Reproduce exactly the lines from the top of the records below through the line holding "Sensorik-Kasten Bauernhof mit".

[Collected data]
○ ○ ○ ○ ○

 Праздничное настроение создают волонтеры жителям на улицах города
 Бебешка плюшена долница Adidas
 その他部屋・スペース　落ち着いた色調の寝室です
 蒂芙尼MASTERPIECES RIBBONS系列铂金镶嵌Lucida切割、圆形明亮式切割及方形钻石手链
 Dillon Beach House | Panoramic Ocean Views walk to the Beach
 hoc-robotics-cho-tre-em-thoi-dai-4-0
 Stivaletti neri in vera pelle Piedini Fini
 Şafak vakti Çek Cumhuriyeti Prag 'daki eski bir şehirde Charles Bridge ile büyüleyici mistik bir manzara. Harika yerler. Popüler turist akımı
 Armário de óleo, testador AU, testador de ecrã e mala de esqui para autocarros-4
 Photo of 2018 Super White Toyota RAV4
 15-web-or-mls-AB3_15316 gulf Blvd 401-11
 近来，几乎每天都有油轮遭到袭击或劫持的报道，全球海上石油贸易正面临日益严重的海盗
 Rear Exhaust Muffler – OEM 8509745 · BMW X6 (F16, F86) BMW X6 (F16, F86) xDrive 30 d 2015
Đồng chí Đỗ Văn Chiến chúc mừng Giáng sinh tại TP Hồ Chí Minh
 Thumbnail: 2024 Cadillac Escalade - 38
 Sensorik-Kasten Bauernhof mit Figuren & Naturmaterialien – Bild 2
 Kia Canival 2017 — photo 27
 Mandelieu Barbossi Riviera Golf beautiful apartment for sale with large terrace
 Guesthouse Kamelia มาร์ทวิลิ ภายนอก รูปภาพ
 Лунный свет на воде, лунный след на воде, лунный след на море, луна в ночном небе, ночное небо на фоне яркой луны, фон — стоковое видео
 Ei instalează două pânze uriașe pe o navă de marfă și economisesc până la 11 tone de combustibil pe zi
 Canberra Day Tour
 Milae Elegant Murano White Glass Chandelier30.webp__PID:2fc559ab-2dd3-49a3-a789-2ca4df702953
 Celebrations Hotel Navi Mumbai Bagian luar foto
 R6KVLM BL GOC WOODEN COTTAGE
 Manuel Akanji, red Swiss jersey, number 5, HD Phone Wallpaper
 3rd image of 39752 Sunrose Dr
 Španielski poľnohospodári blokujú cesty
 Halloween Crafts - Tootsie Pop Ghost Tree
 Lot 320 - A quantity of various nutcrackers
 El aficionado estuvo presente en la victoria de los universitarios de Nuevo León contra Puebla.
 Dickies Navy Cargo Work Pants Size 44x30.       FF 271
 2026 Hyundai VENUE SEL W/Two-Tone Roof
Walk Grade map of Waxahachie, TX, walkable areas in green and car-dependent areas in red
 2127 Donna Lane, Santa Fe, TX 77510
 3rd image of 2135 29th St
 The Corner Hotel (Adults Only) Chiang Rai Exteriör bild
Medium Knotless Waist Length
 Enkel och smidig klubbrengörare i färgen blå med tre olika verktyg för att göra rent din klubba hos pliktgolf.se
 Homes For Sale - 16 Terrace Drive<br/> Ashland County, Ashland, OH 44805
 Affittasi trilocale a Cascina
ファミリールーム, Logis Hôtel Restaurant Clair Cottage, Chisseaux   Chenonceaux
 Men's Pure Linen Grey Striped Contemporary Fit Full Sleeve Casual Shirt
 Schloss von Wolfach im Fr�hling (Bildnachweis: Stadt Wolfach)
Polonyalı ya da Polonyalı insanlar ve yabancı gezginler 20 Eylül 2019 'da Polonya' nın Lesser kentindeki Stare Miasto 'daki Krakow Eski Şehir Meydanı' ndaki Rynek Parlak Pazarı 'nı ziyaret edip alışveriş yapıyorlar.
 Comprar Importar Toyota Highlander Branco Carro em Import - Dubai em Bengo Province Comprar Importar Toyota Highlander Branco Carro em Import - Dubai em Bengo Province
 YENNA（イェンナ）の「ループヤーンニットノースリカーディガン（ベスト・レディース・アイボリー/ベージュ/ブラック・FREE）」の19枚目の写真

○ ○ ○ ○ ○

* Completed task *
 Праздничное настроение создают волонтеры жителям на улицах города
 Бебешка плюшена долница Adidas
 その他部屋・スペース　落ち着いた色調の寝室です
 蒂芙尼MASTERPIECES RIBBONS系列铂金镶嵌Lucida切割、圆形明亮式切割及方形钻石手链
 Dillon Beach House | Panoramic Ocean Views walk to the Beach
 hoc-robotics-cho-tre-em-thoi-dai-4-0
 Stivaletti neri in vera pelle Piedini Fini
 Şafak vakti Çek Cumhuriyeti Prag 'daki eski bir şehirde Charles Bridge ile büyüleyici mistik bir manzara. Harika yerler. Popüler turist akımı
 Armário de óleo, testador AU, testador de ecrã e mala de esqui para autocarros-4
 Photo of 2018 Super White Toyota RAV4
 15-web-or-mls-AB3_15316 gulf Blvd 401-11
 近来，几乎每天都有油轮遭到袭击或劫持的报道，全球海上石油贸易正面临日益严重的海盗
 Rear Exhaust Muffler – OEM 8509745 · BMW X6 (F16, F86) BMW X6 (F16, F86) xDrive 30 d 2015
Đồng chí Đỗ Văn Chiến chúc mừng Giáng sinh tại TP Hồ Chí Minh
 Thumbnail: 2024 Cadillac Escalade - 38
 Sensorik-Kasten Bauernhof mit Figuren & Naturmaterialien – Bild 2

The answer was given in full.